====== Supplied data
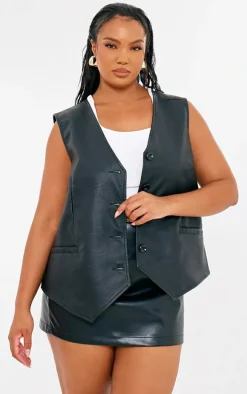 Plus Black Faux Leather Oversized Vest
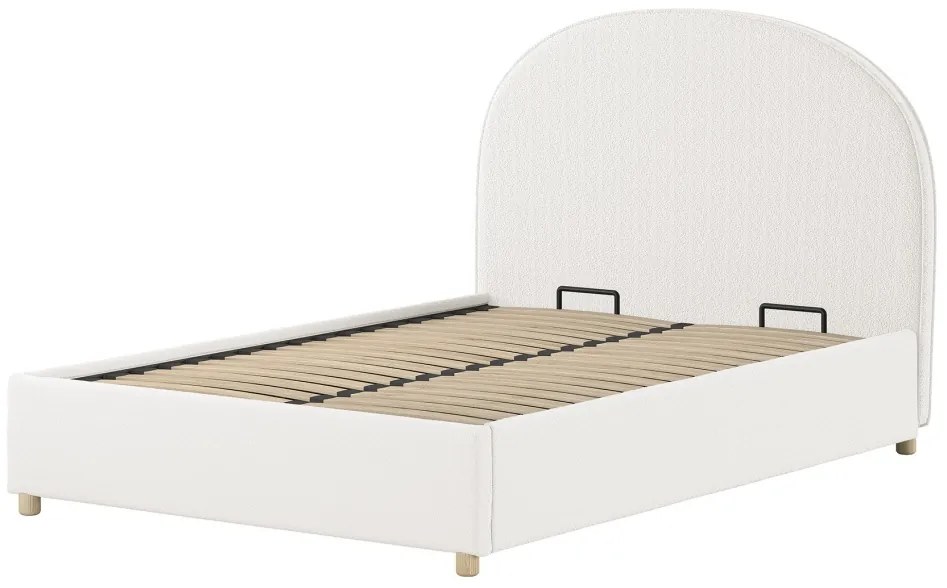 Pat tapițat pentru copii MOON, 140 x 200 cm, alb, cu țesătură bouclé și spațiu de depozitare – Vipack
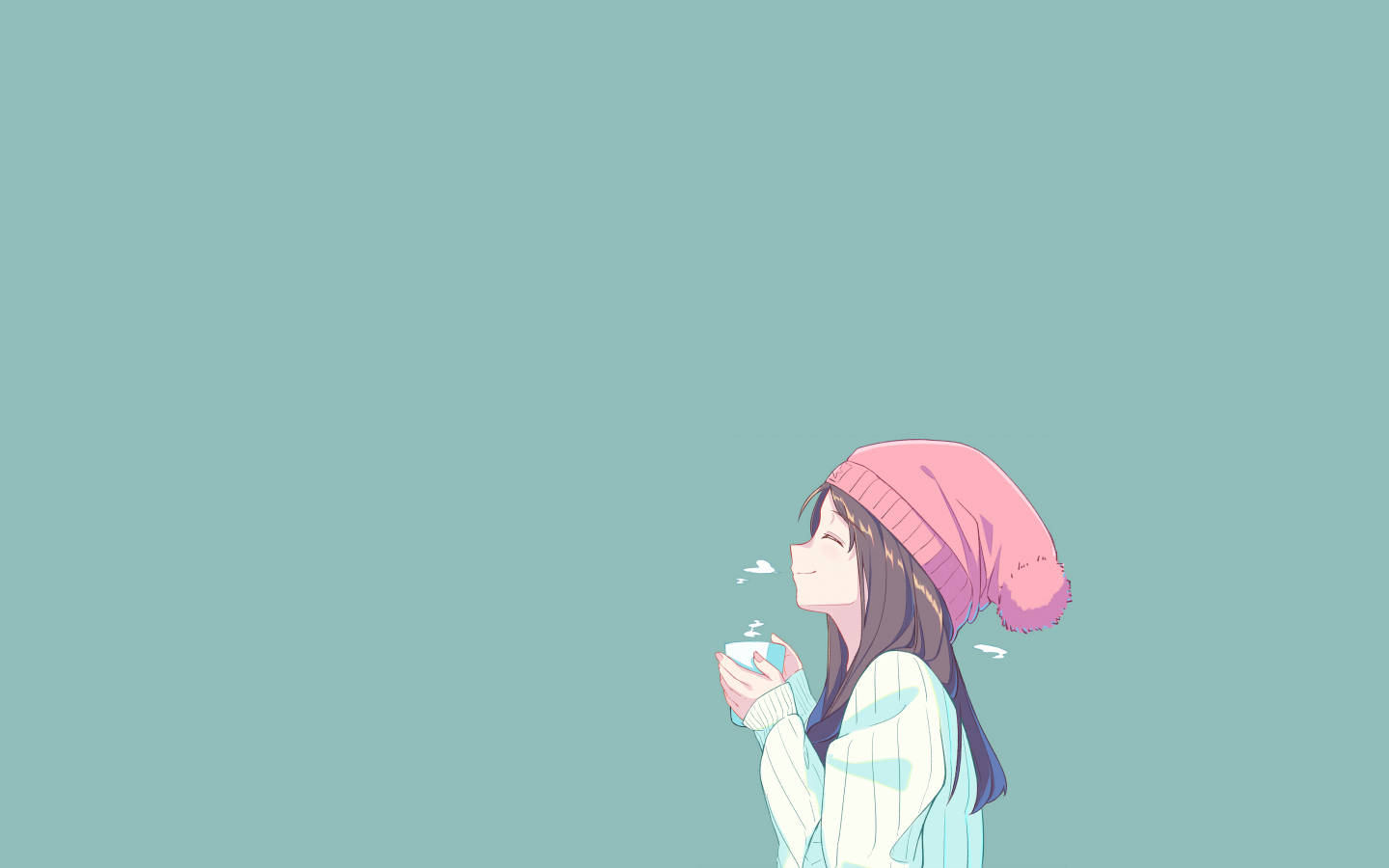 桌布 壁紙 — 一個戴著粉紅色毛帽、微笑的動漫女孩，在純藍綠色背景前啜飲一杯冒著蒸氣的杯子。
============
Assignment: Retype the listing verbatim, minus every image.

Response to the task:
 Plus Black Faux Leather Oversized Vest
 Pat tapițat pentru copii MOON, 140 x 200 cm, alb, cu țesătură bouclé și spațiu de depozitare – Vipack
 桌布 壁紙 — 一個戴著粉紅色毛帽、微笑的動漫女孩，在純藍綠色背景前啜飲一杯冒著蒸氣的杯子。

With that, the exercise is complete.